Dabben
‘Yess, yess. Pám, pám, pám’. Deze vreugdekreten worden ondersteund met drie luide slagen op de keukentafel.
Ik schrik op uit mijn stoel en zie vervolgens drie kinderen naar buiten rennen. Er is blijkbaar iets aan de hand tijdens ons traditionele Sinterklaasweekend.
‘Wat gebeurt er in godsnaam’, vraag ik mijn zus en zwager. Zij zitten er nog onverstoord bij.
Ze kijken allang niet meer op van deze oerkreten van hun kroost.
Dolblij komen de kinderen even later weer naar binnen rennen. Buiten adem hijgt de jongste dat ze Gastly hebben. Wat volgt is een onsamenhangend verhaal over een Gengar, evolueren en transformerende Ditto’s. Zielsgelukkig kijkt hij mij aan.
‘Gastly, transDitto. Wát?’, roep ik verbaasd.
‘Weet je dat niet Teet?’. De naam ‘Teet’ ken ik inmiddels wel. Al vele jaren. Hier is geen sprake van een evolutie, maar gewoon een lieve koosnaam. Ooit uitgesproken door mijn, destijds nog, drie jaar oude nichtje.
Het hele weekend doe ik verwoede pogingen om het jargon van deze tijd onder de knie te krijgen. Ik kom echter wanhopig tot de conclusie dat ik ver achter loop.
Net als ik een beeld krijg van Snorlax, Dragonite en Charizard gaan we over op de nieuwste 3D- bril. We staan om de beurten in een virtual reality, als haai, te happen naar vis. Het ziet er niet uit.

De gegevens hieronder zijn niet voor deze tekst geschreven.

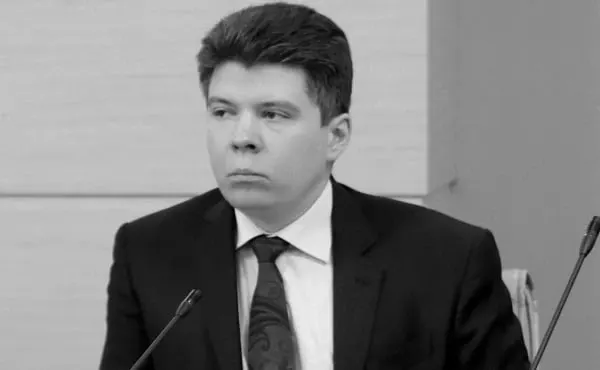 Алексей Старовойтов умер на 46‑м году жизни. В мэрии выразили соболезнования; предварительная причина смерти — сердечно‑сосудистая недостаточность.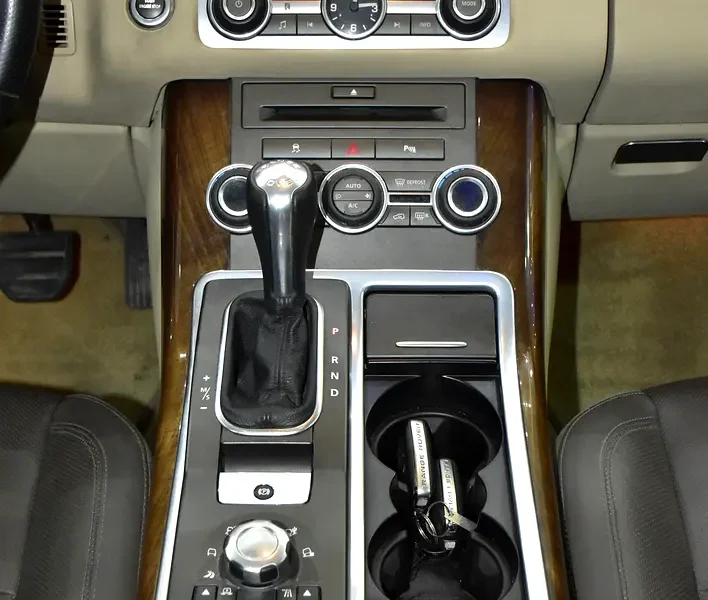 2010 Land Rover Range Rover Sport Supercharged 8 Cylinder White Brown SUV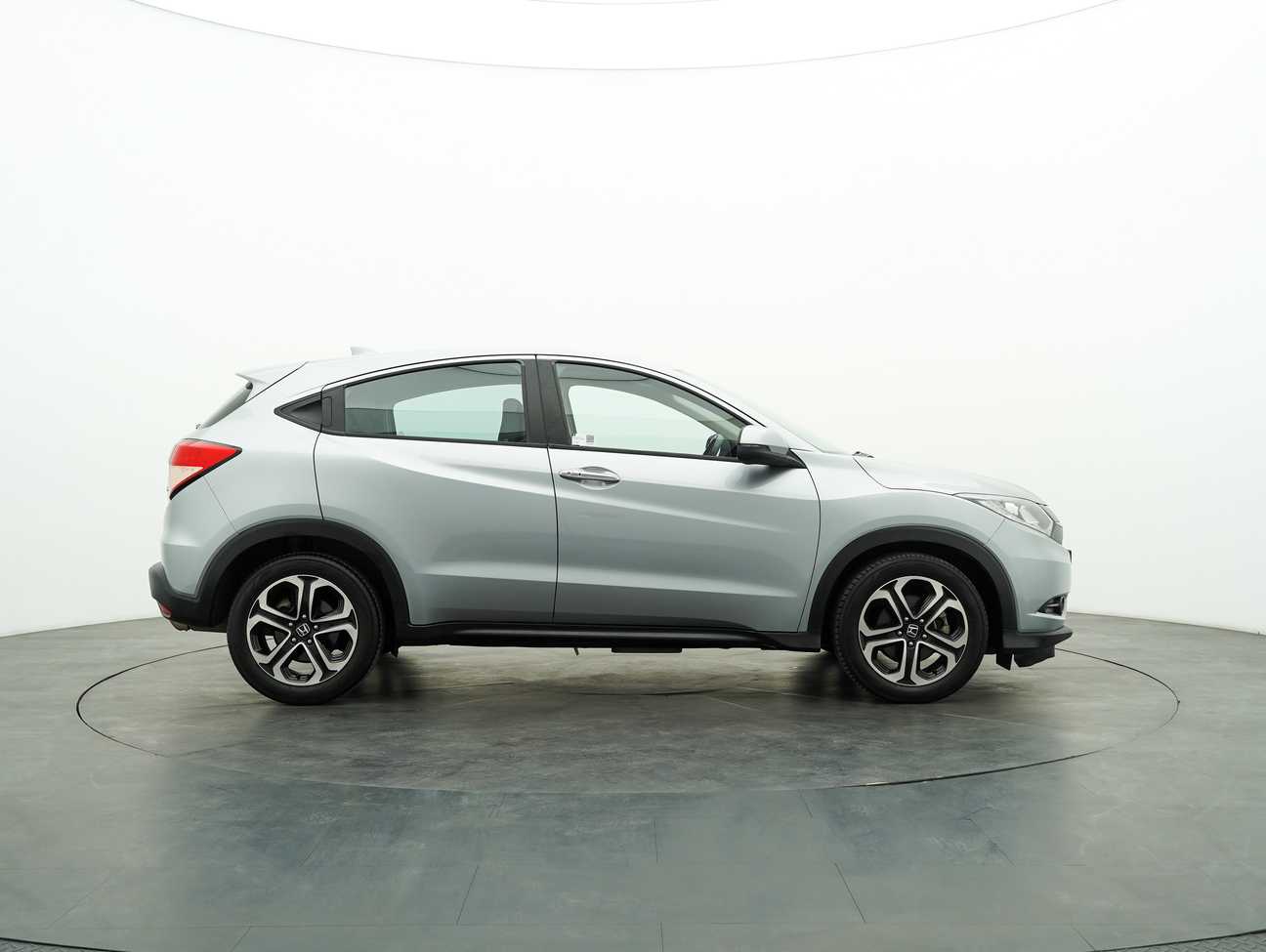 used 2017 Honda HR-V V 1.8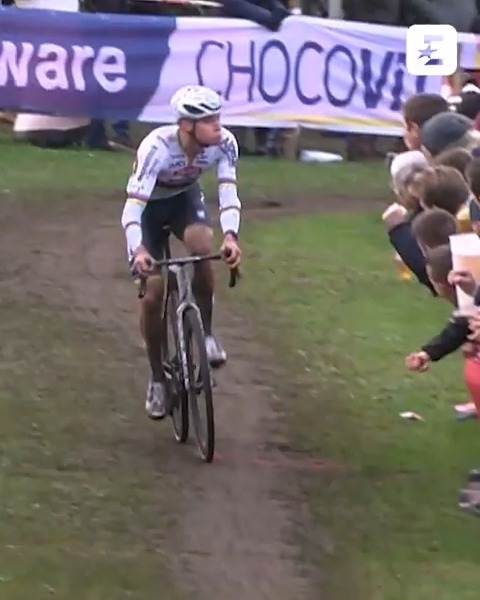 The moment Mathieu van der Poel 𝙨𝙥𝙖𝙩 at the Hulst crowd 😱 #CXWorldCup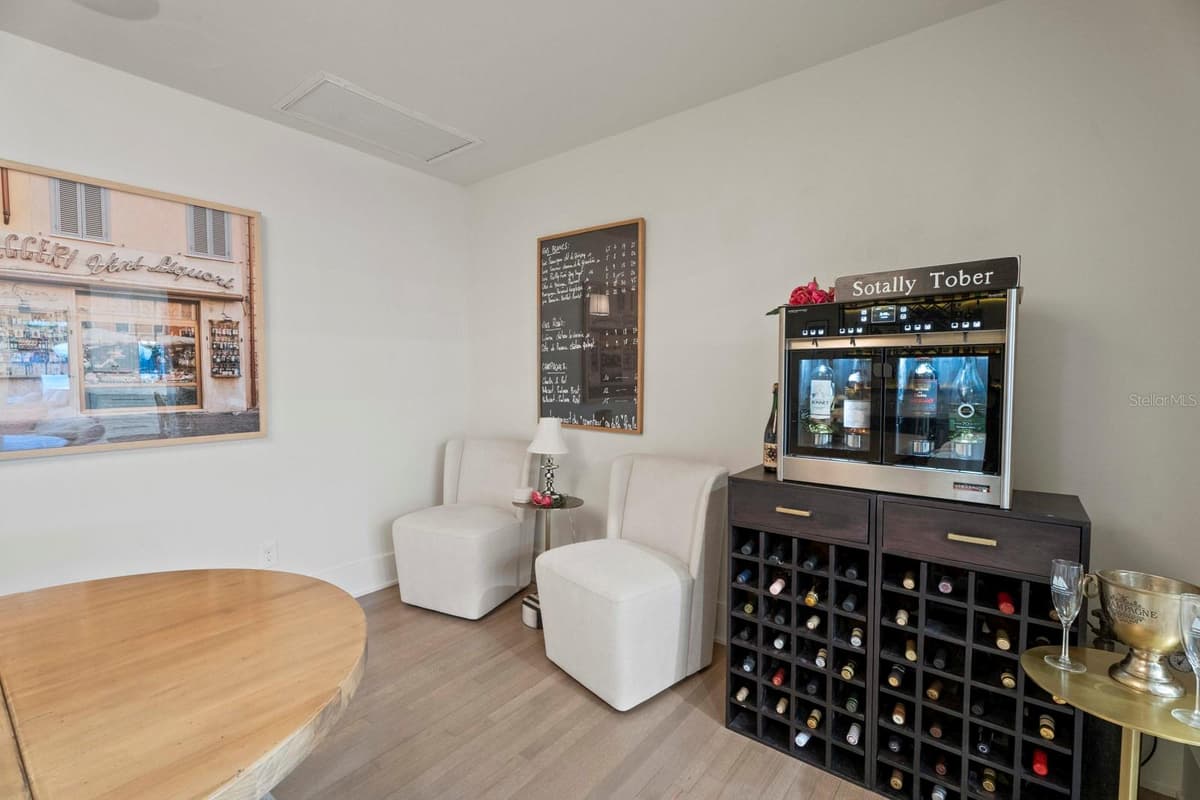890 PHELPS AVENUE — photo 11 of 69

Maar het is een dab waard. Officieel is dat een dancemove. Het lijkt echter op een harde nies. Je maakt de move eigenlijk als je een beat dropt. Het mag inmiddels ook na een goede prestatie of een uiting van je emotie. Als je hem maar voelt. Daar gaat het om.

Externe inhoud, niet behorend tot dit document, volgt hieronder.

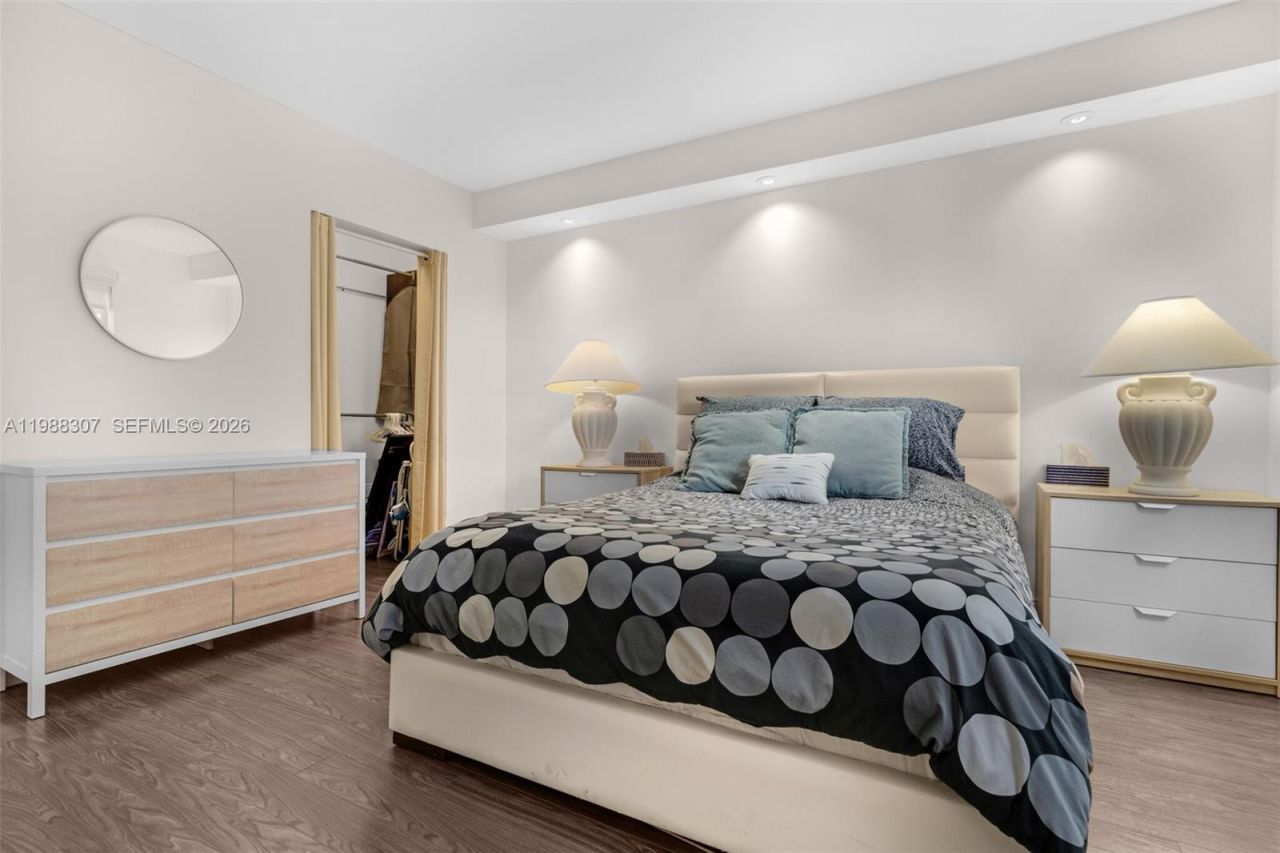 1117 Meridian Ave , Unit 5-1117, Miami Beach, FL 33139 Photo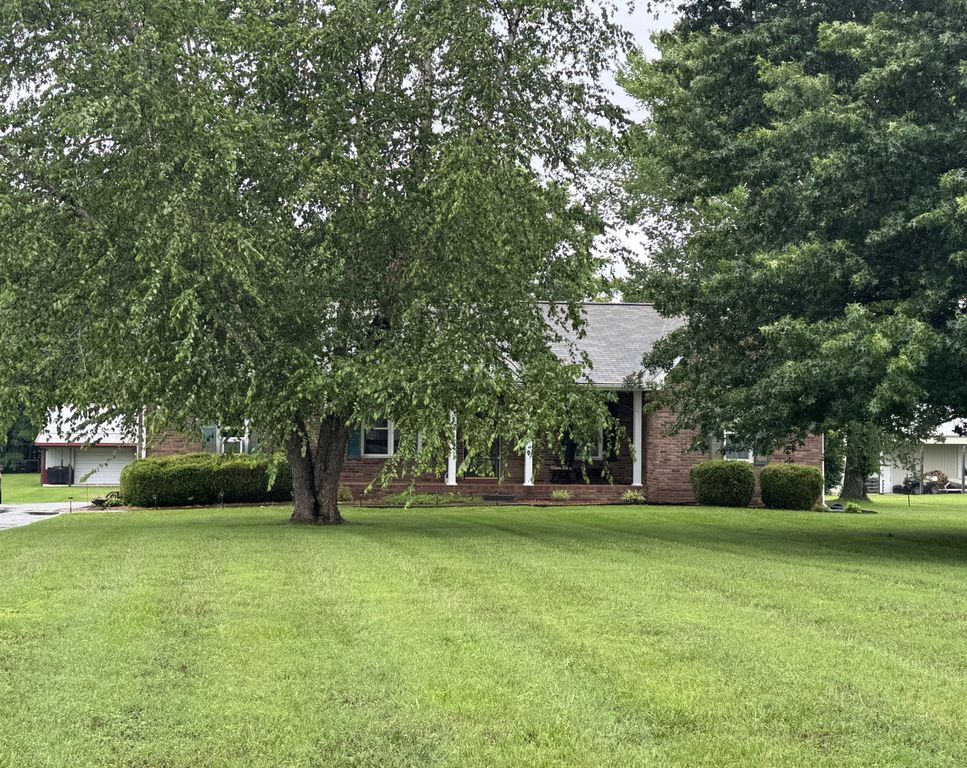 1120 Oak Plains Rd, Clarksville, TN 37043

We leven mee met de ‘steals’ van Guus, Ali B en Sanne tijdens de Voice. Om vervolgens skills te ontwikkelen voor de waterbottleflip-challenge.
Regelmatig krijg ik dit weekend een diepe zucht naar mijn hoofd geslingerd. Inclusief rollende ogen.

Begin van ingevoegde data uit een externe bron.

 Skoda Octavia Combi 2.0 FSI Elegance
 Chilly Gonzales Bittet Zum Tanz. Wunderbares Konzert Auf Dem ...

Gelukkig heeft mijn zus meer geduld. Ze praat mij bij over mega EX, spammen en battelen in the gym
Dan komt het moment dat er afgewassen moet worden. We hebben een huisje zonder vaatwasser. (ja, dat bestaat nog). Ik vraag aan de kinderen wie er wil afwassen. Drie paar ogen kijken mij ademloos aan.
‘Afwassen?’ zegt de middelste bijna-puber van elf, ‘dat is toch met zo’n borsteltje in warm water’.
Zwager, zus en ik kijken elkaar aan. We zuchten hard. We rollen theatraal met onze ogen. Vervolgens laten we tegelijkertijd onze hoofden zakken. Richting onze ellebogen. Alsof we moeten niezen. Dáááb!